Yesterday was my one year blogger anniversary. I am apparently a bad blogger because I thought it was today, until I went back and checked. I have posts dated into August of last year, but that was because I pre-dated posts that were actually written in September for easy of telling my story in what would have been a MONSTER post. Actually one year ago yesterday I was just recovering from laparoscopy/hysteroscopy and trying to cope with the news that they had found stage III endometriosis. Really trying to cope with the last two years of TTC, but now there was no more denial. They had found an actual legitimate issue with me. The first few days after surgery were spent in bed, mostly sleeping, but when I started to feel better physically I totally lost it mentally/emotionally.

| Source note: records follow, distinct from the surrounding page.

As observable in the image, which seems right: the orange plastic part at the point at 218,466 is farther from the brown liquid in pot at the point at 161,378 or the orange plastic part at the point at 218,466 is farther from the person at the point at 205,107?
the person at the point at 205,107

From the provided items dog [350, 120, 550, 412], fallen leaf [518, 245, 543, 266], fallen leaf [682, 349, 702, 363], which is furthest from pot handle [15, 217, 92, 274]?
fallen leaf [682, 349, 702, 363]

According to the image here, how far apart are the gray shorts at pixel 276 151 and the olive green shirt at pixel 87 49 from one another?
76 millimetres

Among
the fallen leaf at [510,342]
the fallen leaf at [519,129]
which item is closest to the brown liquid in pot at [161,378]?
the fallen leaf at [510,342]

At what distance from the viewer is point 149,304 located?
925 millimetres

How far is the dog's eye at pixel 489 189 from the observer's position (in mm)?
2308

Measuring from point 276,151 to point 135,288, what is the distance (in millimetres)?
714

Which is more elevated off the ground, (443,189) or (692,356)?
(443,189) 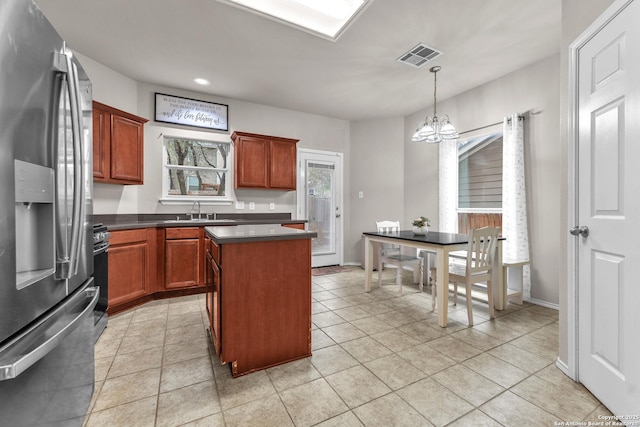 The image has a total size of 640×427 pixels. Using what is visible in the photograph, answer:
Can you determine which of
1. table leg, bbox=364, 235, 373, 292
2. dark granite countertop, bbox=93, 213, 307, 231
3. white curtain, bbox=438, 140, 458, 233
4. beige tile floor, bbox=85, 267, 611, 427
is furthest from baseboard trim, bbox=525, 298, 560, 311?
dark granite countertop, bbox=93, 213, 307, 231

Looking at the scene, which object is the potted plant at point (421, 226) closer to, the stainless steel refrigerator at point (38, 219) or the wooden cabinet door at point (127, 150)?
the stainless steel refrigerator at point (38, 219)

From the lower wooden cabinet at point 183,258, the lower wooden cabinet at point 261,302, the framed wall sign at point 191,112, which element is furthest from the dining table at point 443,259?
the framed wall sign at point 191,112

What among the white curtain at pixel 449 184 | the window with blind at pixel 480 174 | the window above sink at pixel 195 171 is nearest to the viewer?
the window with blind at pixel 480 174

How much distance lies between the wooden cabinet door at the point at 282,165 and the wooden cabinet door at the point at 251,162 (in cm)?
9

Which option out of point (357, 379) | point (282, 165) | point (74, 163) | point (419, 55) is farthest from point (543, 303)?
point (74, 163)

First I spent a few days doing research (online of course). That research eventually led me to find blogs. What a wealth of real life information! And then I started writing. And writing. And writing. For hours I wrote out everything that had happed over the previous few months. Everything that I clearly had not been able to deal with properly. Then I wrote about everything that had just happened. It was the best therapy I could have hoped for in that moment. And so became my blog. My safe place.
The last year hasn’t been my favorite. I’ve been tested quite a bit and there are days I really struggle to keep perspective on my blessed life. The past year has been packed with sadness over the loss of a loved one, unthinkable stress over the near loss of my dad, heartbreak over the disappointment of three failed IUI cycles, frustration in adjusting to a new job, and financial stress from all of the unexpected things aforementioned. I know I have a lot of blessings in my life and I am so very thankful, but this year has been hard. I am ready to start anew and I am really hoping that 32 will be so much better than 31. Truthfully I am pretty freaked out to be turning 32 this week only because I can practically hear my biological clock just tick-tick-ticking away. And I absolutely hate it when people tell me I am still young. Yes I know that 32 is not 35, 37 or 40. I get it. But I started all of this at 29 and here I am…..same place and there are really no guarantees that I won’t still be here at 35.
I can feel things have started to turn for the better. I am really working on not stressing over that which I cannot control. I am totally focused on my TWW and keeping things happy and positive….and keeping myself occupied. Next Wednesday at 10dpo the mind game will really begin and I am sure I won’t be quite as level-headed as I am at the moment.
I am infinitely grateful for all of the support in this blogger community. Until recently I didn’t actually know anyone in my everyday life who had been through this, and they amazing women who are constantly lifting each other up are a God-send. The best part is seeing the babies that represent hope for everyone else. It is the happy ending to a story and I personally love to read about my fellow friend in the trenches who has made it out. It’s so good to see that there is light at the end of the tunnel, and I may finally get off this long road onto a much better one.